◆ Instructions for the task:
What number of lines in the data below contain the string "Women"? Answer with that number alone.

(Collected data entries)
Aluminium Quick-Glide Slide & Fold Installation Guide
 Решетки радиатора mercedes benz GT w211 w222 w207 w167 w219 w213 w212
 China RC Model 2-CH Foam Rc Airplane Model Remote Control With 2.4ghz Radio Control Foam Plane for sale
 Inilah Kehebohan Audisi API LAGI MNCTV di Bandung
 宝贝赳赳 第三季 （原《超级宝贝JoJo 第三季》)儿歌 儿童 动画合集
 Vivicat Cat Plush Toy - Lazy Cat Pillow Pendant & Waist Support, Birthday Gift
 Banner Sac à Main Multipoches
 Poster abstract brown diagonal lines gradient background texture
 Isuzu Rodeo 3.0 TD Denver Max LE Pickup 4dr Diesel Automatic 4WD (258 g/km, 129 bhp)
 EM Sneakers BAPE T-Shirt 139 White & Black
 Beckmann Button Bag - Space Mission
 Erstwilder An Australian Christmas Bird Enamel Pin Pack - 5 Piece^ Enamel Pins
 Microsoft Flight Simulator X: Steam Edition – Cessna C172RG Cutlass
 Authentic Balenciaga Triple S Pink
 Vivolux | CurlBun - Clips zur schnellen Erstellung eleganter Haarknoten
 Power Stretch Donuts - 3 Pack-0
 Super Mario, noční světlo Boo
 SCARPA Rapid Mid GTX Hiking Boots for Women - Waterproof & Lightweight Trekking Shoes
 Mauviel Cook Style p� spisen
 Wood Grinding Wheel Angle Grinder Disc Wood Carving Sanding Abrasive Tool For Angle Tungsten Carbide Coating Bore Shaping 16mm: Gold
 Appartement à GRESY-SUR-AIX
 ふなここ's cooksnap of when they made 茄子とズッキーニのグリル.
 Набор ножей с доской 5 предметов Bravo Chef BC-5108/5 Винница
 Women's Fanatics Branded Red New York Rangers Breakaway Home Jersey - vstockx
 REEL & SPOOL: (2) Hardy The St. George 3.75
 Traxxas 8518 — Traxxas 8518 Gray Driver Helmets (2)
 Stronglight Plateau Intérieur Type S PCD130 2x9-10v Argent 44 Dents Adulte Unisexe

◆ Task answer:
2